Живые – те, кого это не затронуло, кто не был там и мог бы спросить о поведении выживших. Например, воочию вообразив описанную Боровским в рассказе «У нас в Аушвице…» сцену с увозимыми на грузовиках голыми женщинами, которые громко зовут на помощь: «Нас везут в „газ“!» – в то время как мужчины, мимо которых их везут, остаются совершенно безучастными. Тадеуш Боровский пишет не о свидетельстве, а о необходимости «дать отчет». «Ведь возможно, что об этом лагере, об этом времени обманов, мы еще должны будем дать отчет живым и встать на защиту погибших», – эти слова равносильны призыву свидетельствовать. Вместо не-свидетельствуемости гибели, о которой говорит Леви, Боровскому важен наблюдаемый факт гибели других людей, о которых необходимо рассказать потомкам. Права мертвых надо защищать: «Потому что живые всегда правы перед мертвыми», – говорится далее[412].

К потомкам обращено и коллективное писательство обитателей Варшавского гетто: они делали записи, сознавая близость конца. Для них передать знание живым значило исполнить непреложную заповедь свидетельства. Эту свидетельскую деятельность, которая, по мнению Леоцяка, заняла место коллективной памяти, документирует архив Рингельблюма. Заповедь свидетельствовать соблюдается путем неустанного письма. Последовал этой заповеди и Симха Гутерман. Его записки, увидевшие свет в Германии в 1993 году под названием «Спасенная книга» (Das gerettete Buch), были найдены в Радоме в 1978 году под лестничной ступенью, где тридцать лет пролежали в бутылке. События в гетто Плоцка с 1939 года до его ликвидации в 1941‑м и страдания изгнанных Симха Гутерман описал на идише, крошечными буквами на узких полосках бумаги, смотал их в маленькие свитки, рассовал по бутылкам и спрятал в тайниках. Своему маленькому сыну он рассказал, где их найти. Позднейшая находка в одном из этих мест, обнаружение свитков, расшифровка микрограмм, перевод с идиша на иврит и французский (а теперь и на немецкий) составляют (захватывающую) историю о том, как эти письма в бутылках уцелели и как их восприняли. Спустя десятилетия она требует, чтобы о случившемся в Плоцке узнали. Раньше не было известно, что СС получили контроль над гетто уже в 1939 году и ответственны за совершенные там преступления. Гутерман – свидетель, послания в бутылках – его свидетельство.

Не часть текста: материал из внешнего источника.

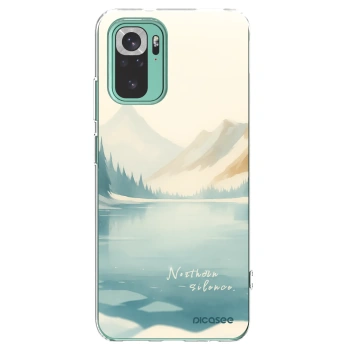 Picasee Xiaomi Redmi Note 10 Pro Hülle - Transparentes Silikon - NOTHERN SILENCE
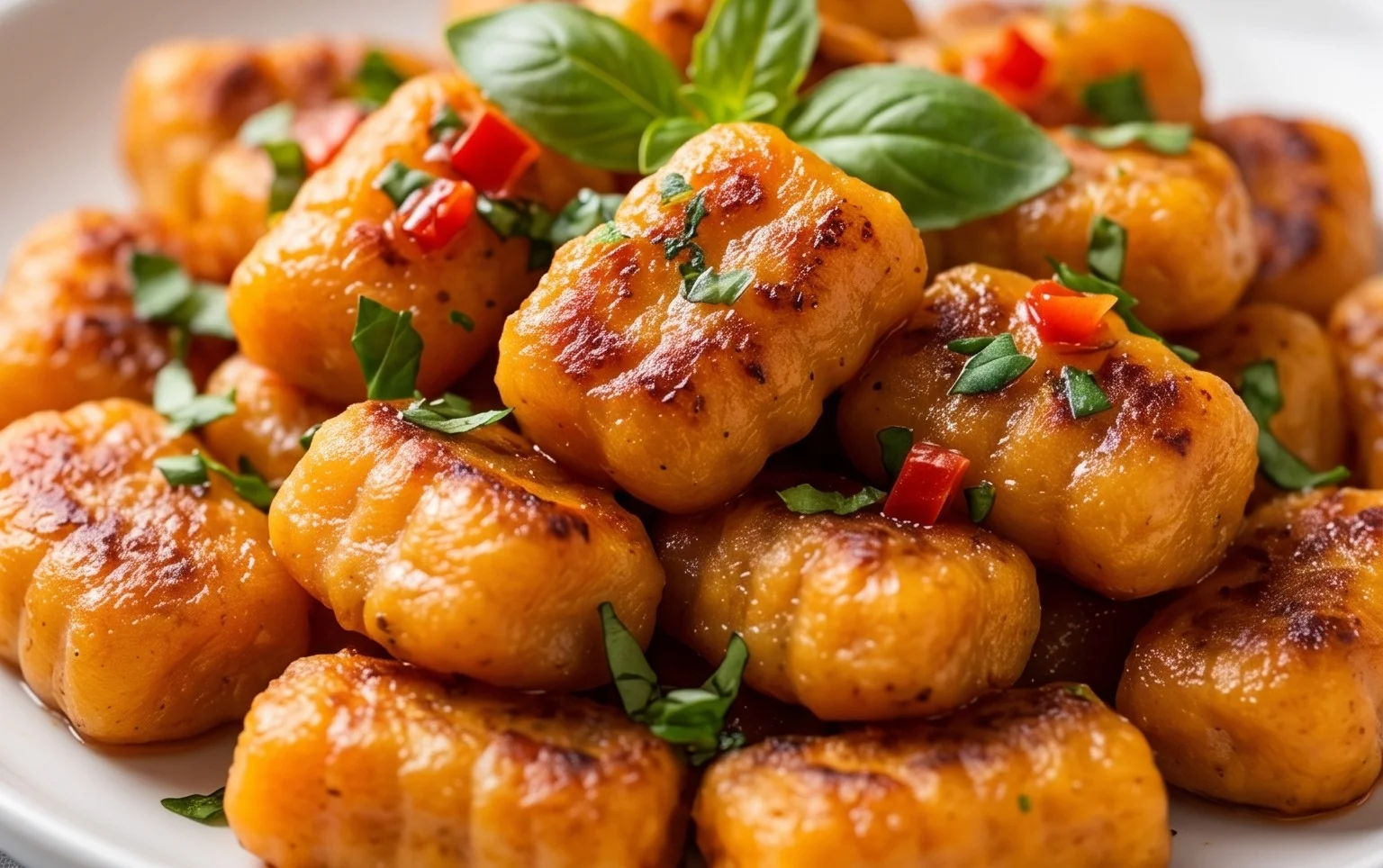 Sweet Potato Gnocchi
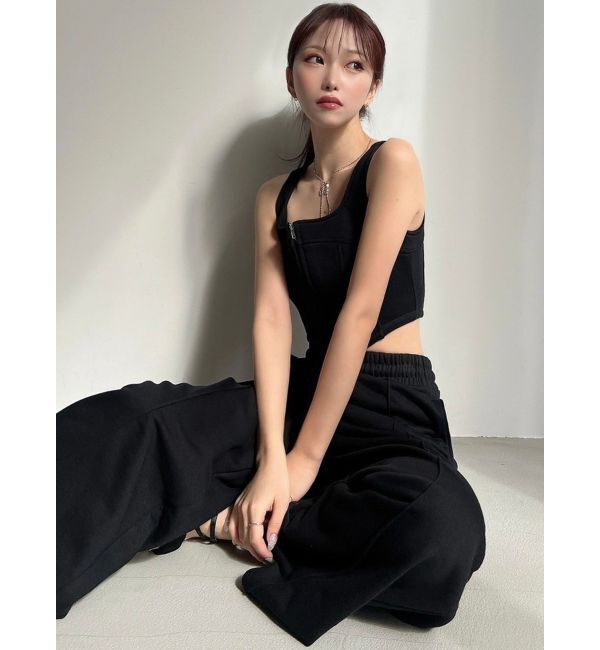 RESEXXY「スウェットワイドパンツ【セットアップ着用可能】」|その他|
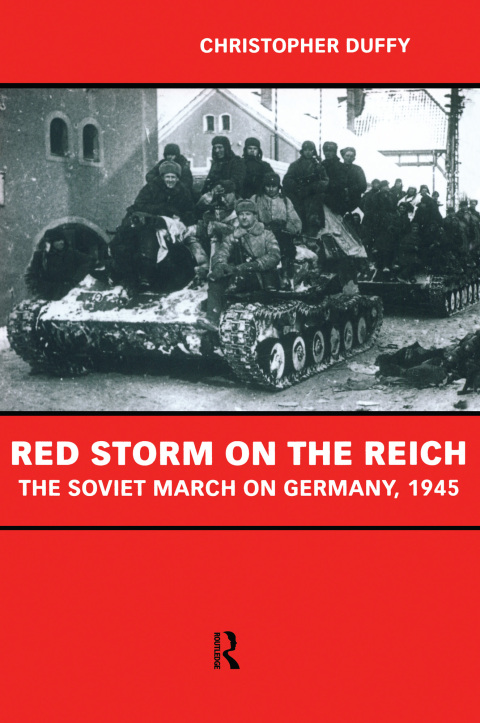 Cover image for book Red Storm on the Reich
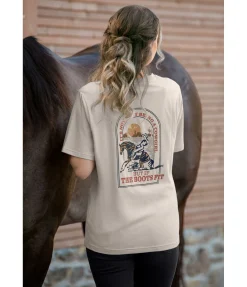 STONEDEEK T-shirt Kaylee sable blanc Sale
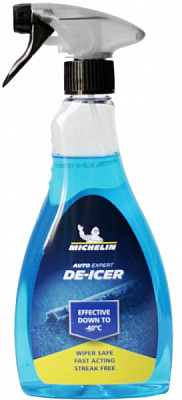 Розморожувач замків і скла Michelin De Icer -40°С 500 мл W33177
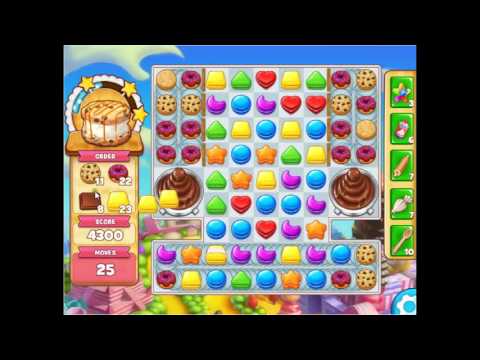 Cookie Jam Level 764 No Boosters 3 Stars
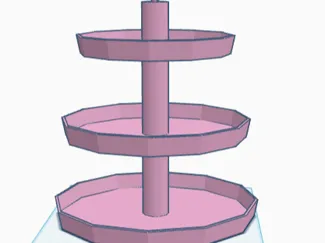 Fruit Tray 3 Tier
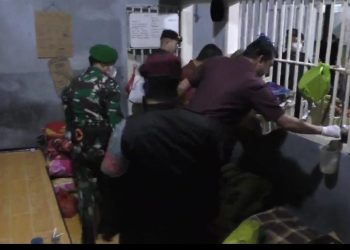 Razia Mendadak di Lapas Kotabumi, Petugas Temukan Handphone dan Barang Terlarang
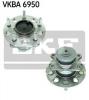 SKF VKBA 6950 Комплект подшипника ступицы колеса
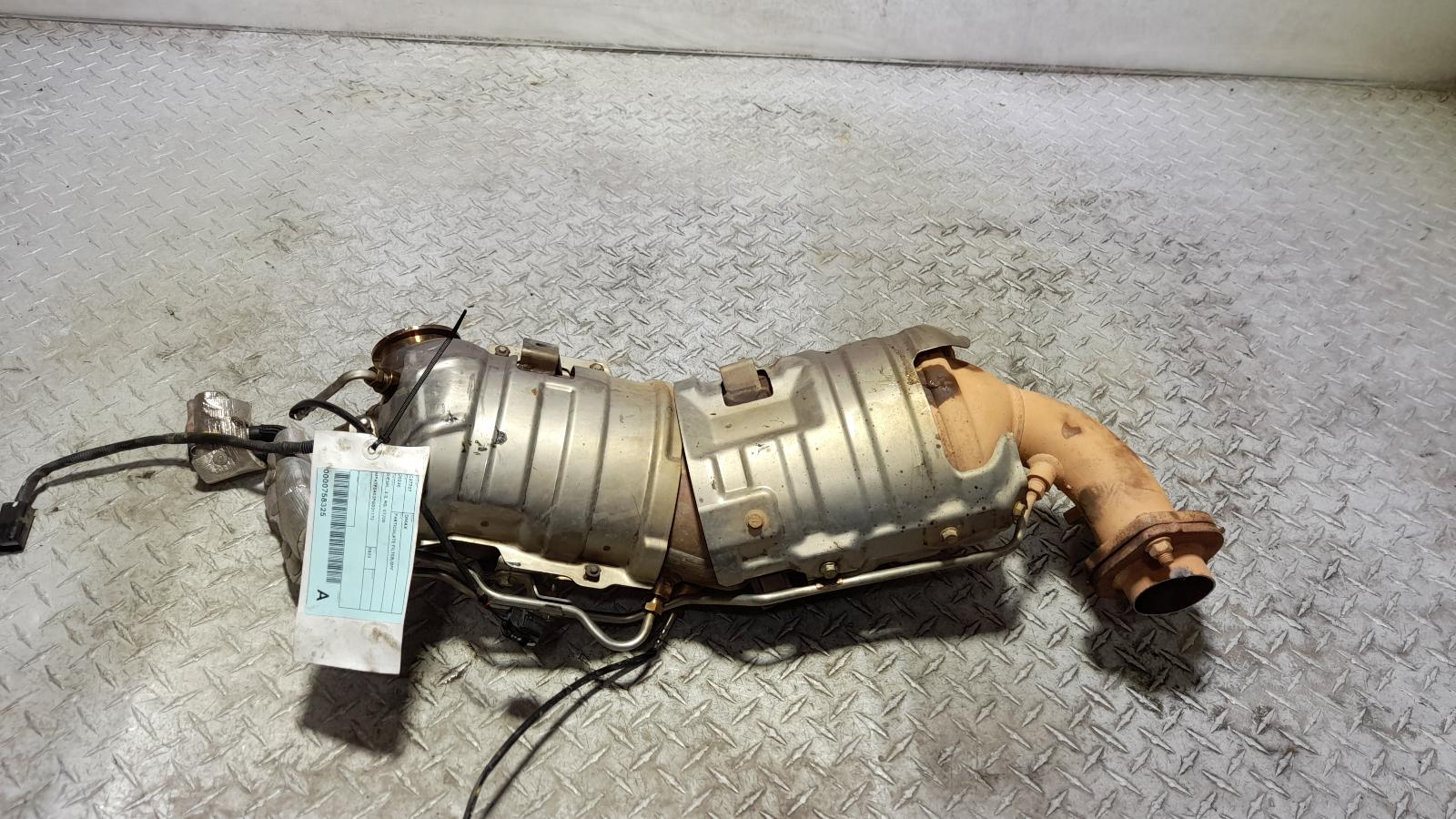 View Auto part Particulate Filter/Dpf Isuzu Dmax 2022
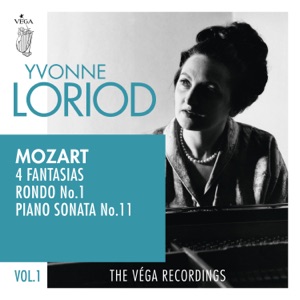 Mozart: 4 Fantasias, Rondo No. 1, Piano sonata No. 11 "Alla Turca"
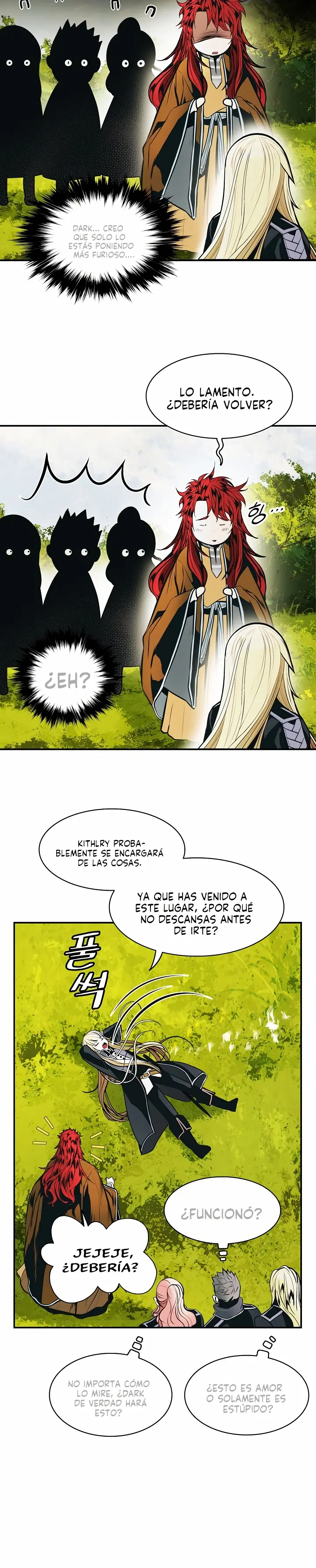 Dark Lady capítulo 167, página 29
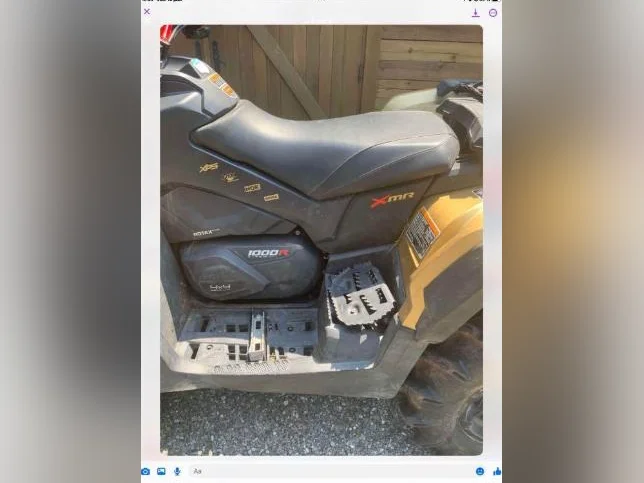 Can Am vtt outlander XMR,1000R thumbnail 2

В предисловии к запискам Гутермана Николь Лапьер говорит о «культе свидетельства», породившем практику спрятанных свидетельств, предназначенных для потомков тайных записок, которые прятали в стенных щелях, в земле, в различных емкостях[413].

вернуться

409

Агамбен. Homo sacer. С. 35.

вернуться

410

Там же. С. 40.

вернуться

411

См.: Burkhart D. Hautgedächtnis. Hildesheim, 2011. S. 93: «Террор и лагеря оставили глубокий след в памяти XX столетия. Элементарным медиумом сохранения опыта и событий оказалось при этом тело, особенно интегумент, т. е. кожа во всей совокупности слоев и придатков. Она проявила себя мнемоническим инструментом, который самим своим физическом состоянием, например, через голодные отеки, рытвины, раны, шрамы, татуировки и другие видимые „письмена“, обосновывал материальность коммуникации».

вернуться

412

Боровский. Прощание с Марией. С. 98.

вернуться

413

«Спасенная книга» и ее история, включая обнаружение, пересылку, расшифровку и перевод, – совершенно особенная история одного текста, установившая связь между Польшей, Израилем и Францией, между выжившими или их потомками в разных странах, между жертвами холокоста и погибшими в Ливанской войне. Сын автора этой спасенной книги оплакивает гибель не только отца, но и собственного сына, павшего в первый день Ливанской войны.